Metallurgical test work was carried out at production facilities owned and operated by Jiangxi Ganfeng Lithium Co., Ltd. in Jiangxi Province, China and with Saskatchewan Research Council. LAC provided four statistically representative composites of ore from the deposit that characterize the different grades of ore in the proposed pit area. These samples were based on the mass weighted average of the deposit and were assembled from different depths and locations to ensure a representative testing campaign. Aspen Technology, Inc. modeling software was used to simulate the full process. The results of this model were compared to the laboratory studies, and a final bench-scale confirmation test was completed at Jiangxi Ganfeng Lithium Co., Ltd.’s facilities to confirm the results of the model.

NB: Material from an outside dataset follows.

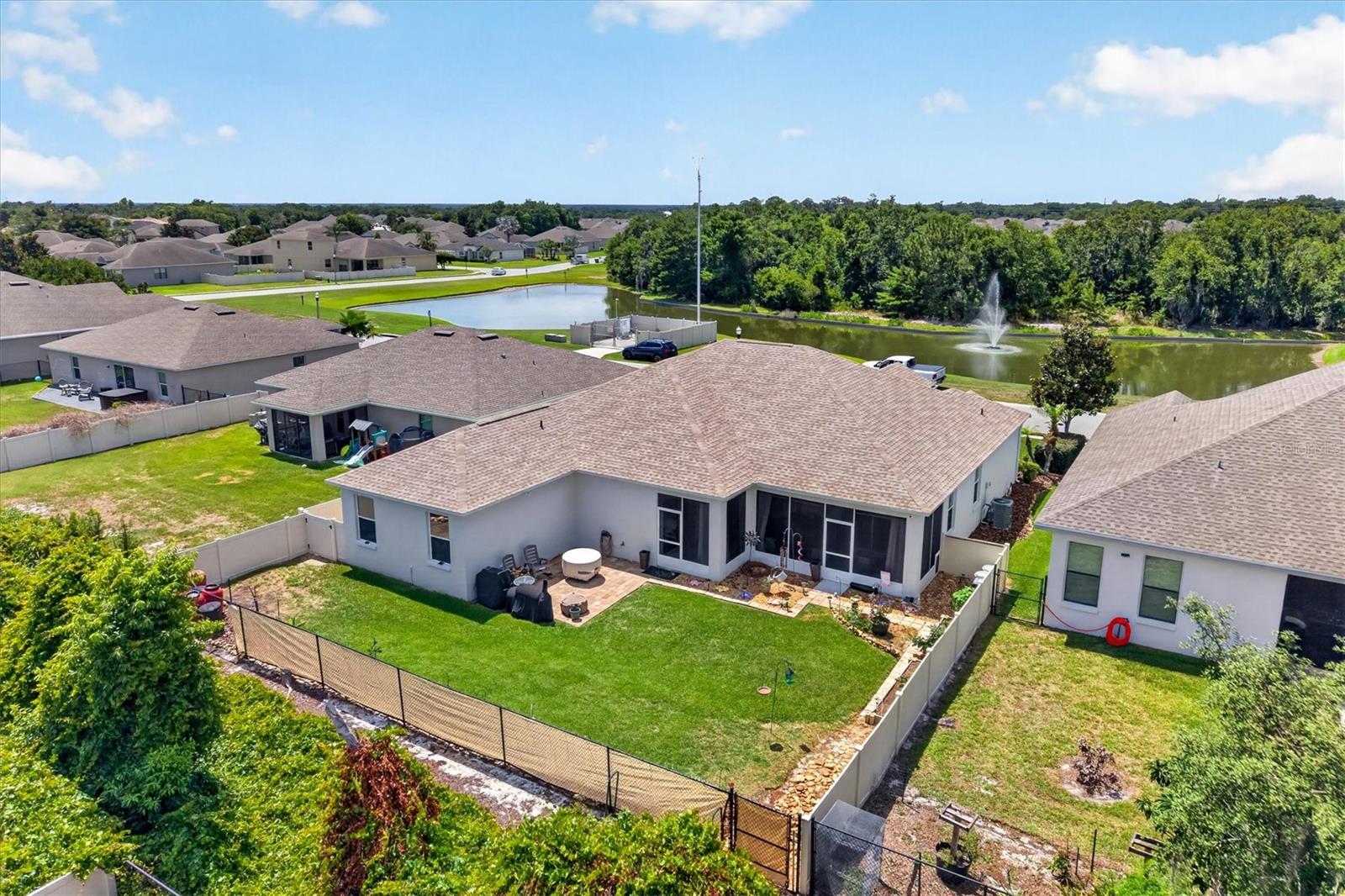 HALLAM PRESERVE EAST - Residential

Tooth roll sizer followed by an attrition scrubber was found to be effective in reducing particle size and preparing the ore for sulfuric acid leaching. Sulfuric acid leaching is employed to remove lithium, along with other constituents, from the claystone ore. Testing looked at various acid concentrations, ratio of acid to ore, slurry densities, leaching temperatures, and leaching times. After leaching, the properties of the claystone show acceptable settling and filtration rates.  Washing of the spent clay showed high lithium recoveries.

Crystallization was also examined for the removal of by-products such as magnesium sulfate. Process variables such as lithium-magnesium concentration ratio, boiling temperature, crystallization temperature, and final liquor concentrations were identified.  A three-step purification process (neutralization, crystallization and precipitation) was also examined.  The series of test results showed that a process could be used to isolate a pure lithium sulfate product at approximately 88% recovery and served as a basis for the process design.  Testing was also conducted to identify reagent consumption and kinetic information. The results demonstrated optimum neutralization conditions, such as reagent addition, temperature and residence times. These conditions are aimed at permitting a higher recovery of lithium and reducing the capital and operating cost.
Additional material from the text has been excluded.